Tudo isso seria o enredo de uma história de horror que deixaria um país, e até o mundo, chocados, não fosse por um detalhe: Carol atendia pelo nome artístico Charlotte Angie e era uma famosa atriz pornô, com milhões de acessos diários em sites de conteúdo adulto.
A partir daí, toneladas de ofensas, dedos apontados, piadas escatológicas e principalmente machismo e misoginia vieram à tona, não só na Itália, mas por parte de internautas de vários países e culturas. “Cada um escolhe seu destino”, “se fosse uma mulher de respeito nada disso teria acontecido”, “quem procura, acha”, entre outras pérolas invadiram as timelines das redes sociais culpabilizando a vítima pelo próprio assassinato monstruoso.
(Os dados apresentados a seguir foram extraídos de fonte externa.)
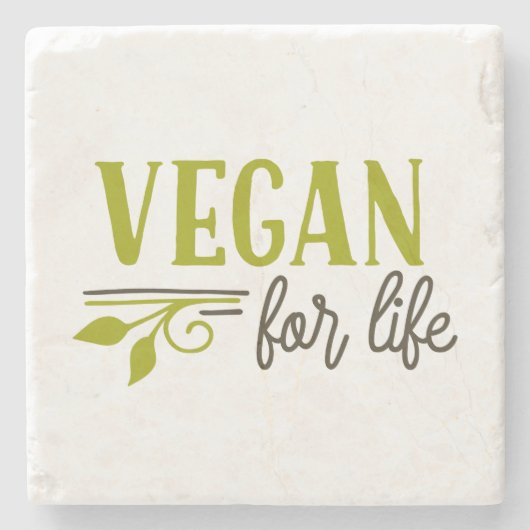 Vegan for Life Stenen Onderzetter (Voorkant)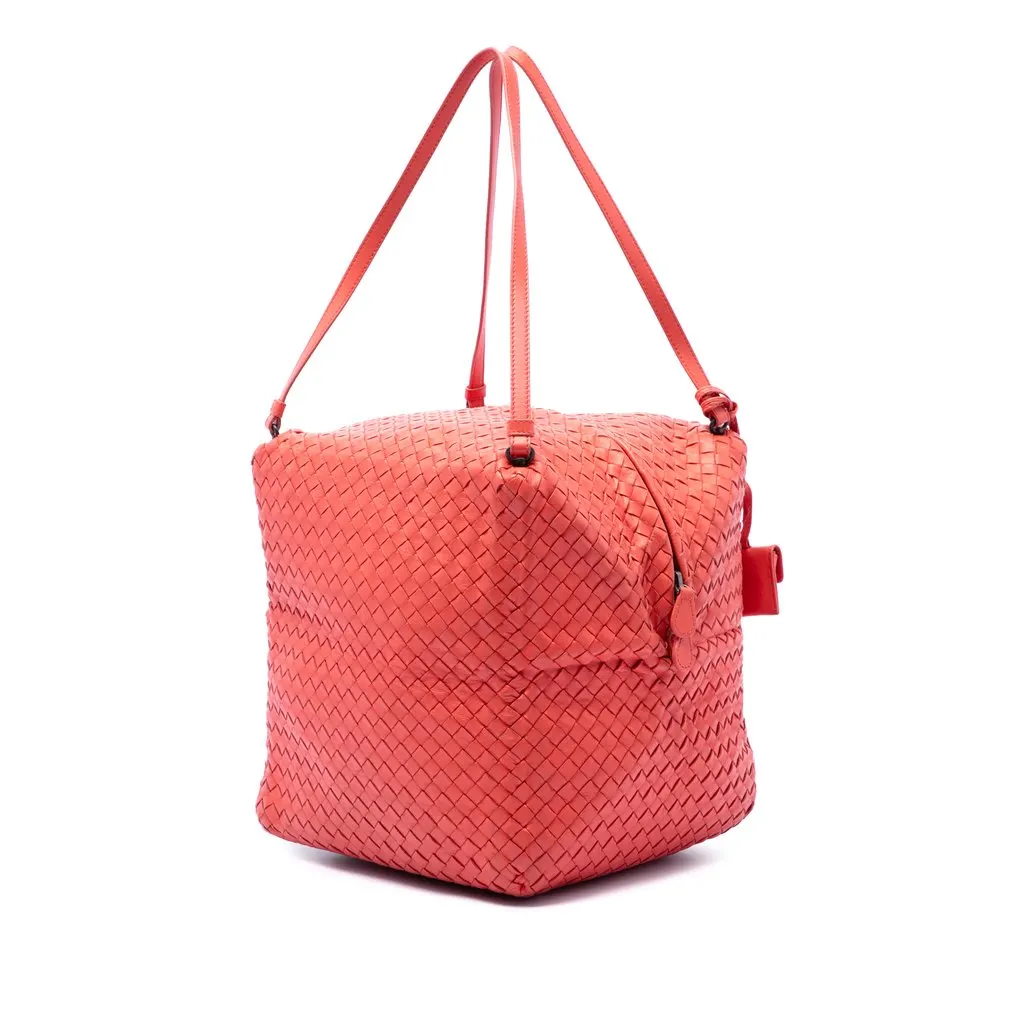 Bottega Veneta Nappa Intrecciato Cube Shoulder Bag Orange Leather Very good - Back View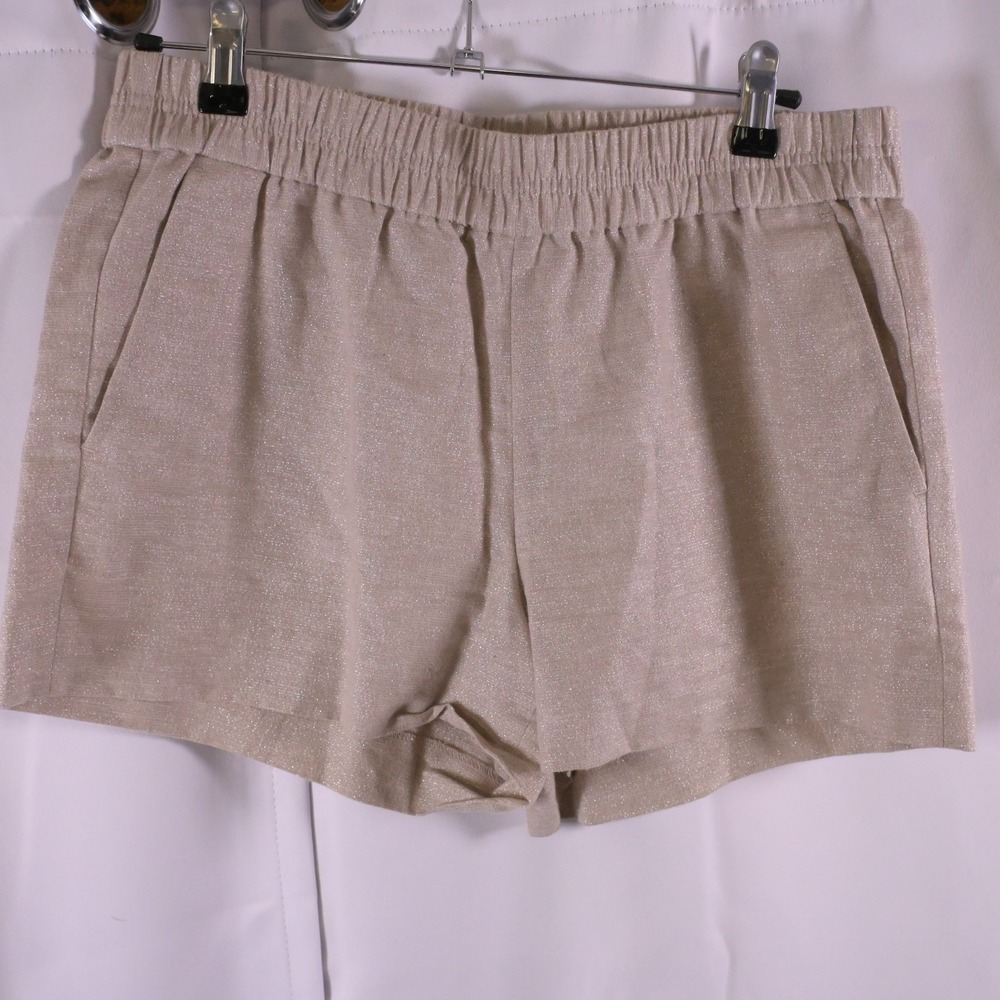 J Crew Beige Sparkle Linen Cotton Pull On Shorts Womens 4
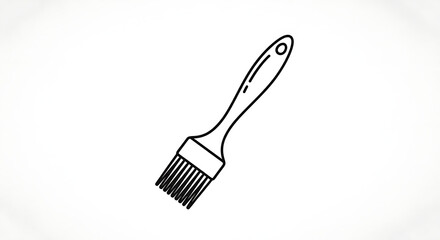 A simple line drawing of a basting brush with a handle and bristles on a white background space ai generated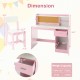 Kids study desk and chair set in pink and white with storage shelves, drawer, and cork bulletin board for imaginative.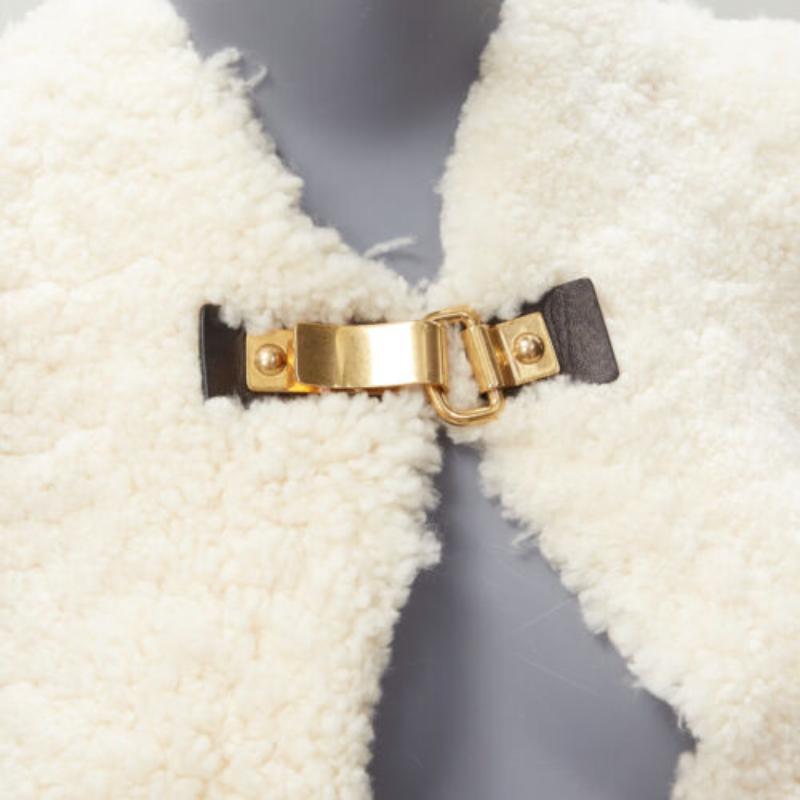 rare OLD CELINE Phoebe Philo 2010 Runway gold buckle cream shearling cape FR36 For Sale 2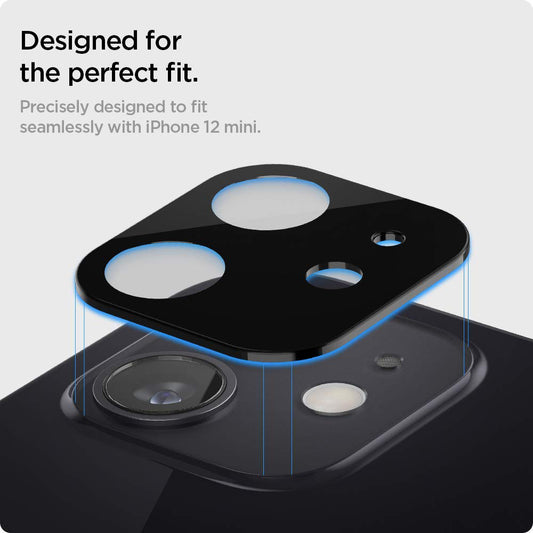 Film de protection pour caméra arrière Techsuit pour Apple iPhone 12, Verre trempé, Noir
Um comediante italiano muito conhecido, Pietro Diomede, em seu perfil oficial no Twitter, resolveu fazer troça com a tragédia bárbara cometida contra Maltesi, que foi reconhecida por tatuagens que tinha pelo corpo, já que o assassino queimou seu rosto para dificultar sua identificação.
“Se o cadáver de uma estrela pornô é reconhecido por suas tatuagens, e não pelo diâmetro do buraco do seu cu, isso não joga a favor da fama da vítima”, escreveu Diomede, gerando uma estrondosa onda de repúdio, críticas e xingamentos por parte da sociedade italiana.
Para compreender como funciona esse mecanismo do machismo e da misoginia estruturais, que não dão trégua nem quando uma mulher é barbaramente executada e esquartejada, a reportagem da Fórum foi ouvir a filósofa Marcia Tiburi, autora de vários estudos e publicações sobre o tema.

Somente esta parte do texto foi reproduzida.